**THE DATA:**
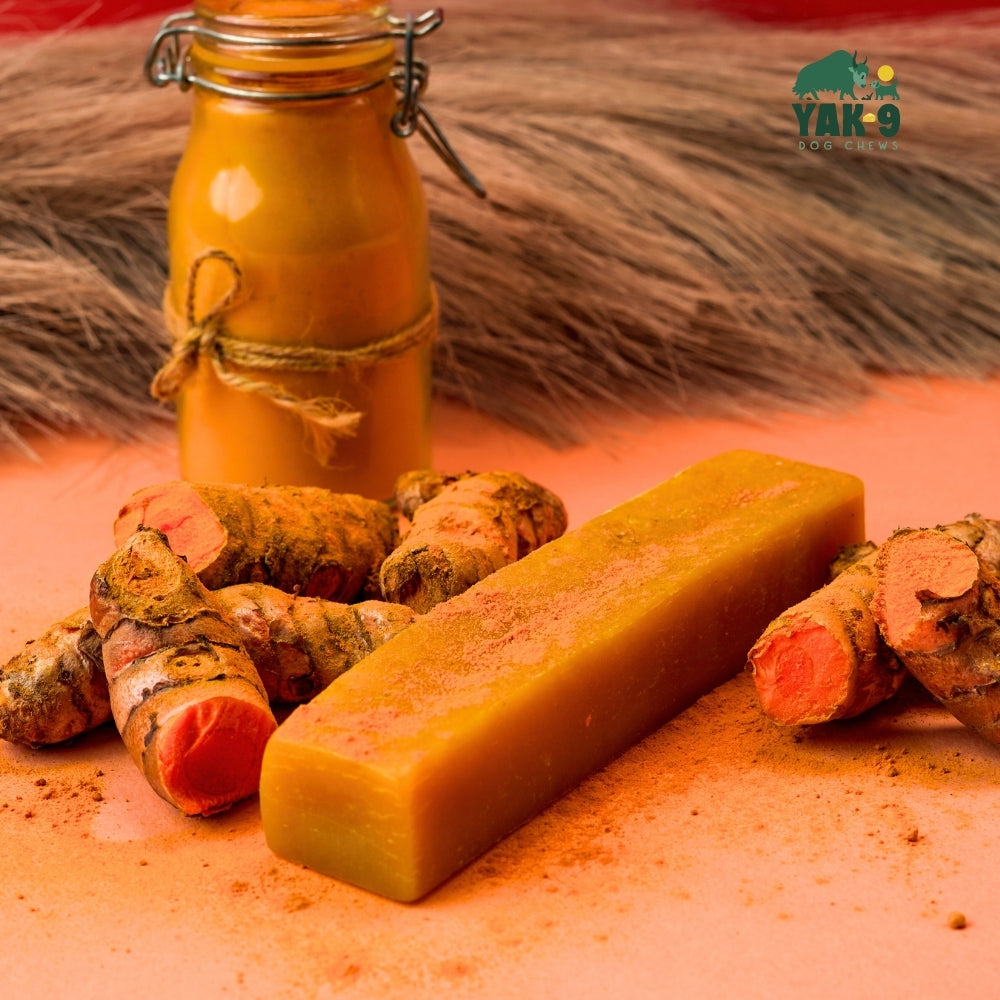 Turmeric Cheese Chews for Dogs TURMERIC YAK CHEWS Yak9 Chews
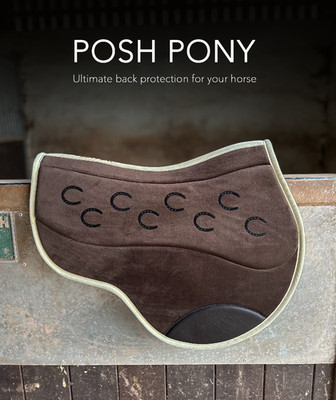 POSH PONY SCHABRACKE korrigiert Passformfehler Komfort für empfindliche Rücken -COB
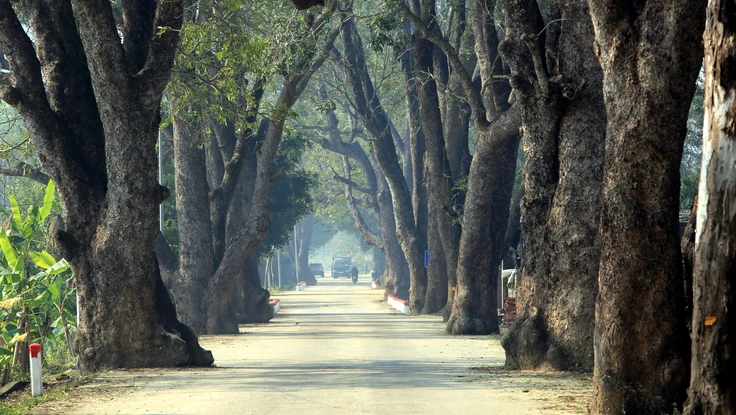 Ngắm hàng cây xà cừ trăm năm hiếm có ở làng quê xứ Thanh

**WHAT YOU NEED TO DO:**
In transcribing the material above, reproduce each line exactly and include none of the pictures.

**WORKED SOLUTION:**
 Turmeric Cheese Chews for Dogs TURMERIC YAK CHEWS Yak9 Chews
 POSH PONY SCHABRACKE korrigiert Passformfehler Komfort für empfindliche Rücken -COB
 Ngắm hàng cây xà cừ trăm năm hiếm có ở làng quê xứ Thanh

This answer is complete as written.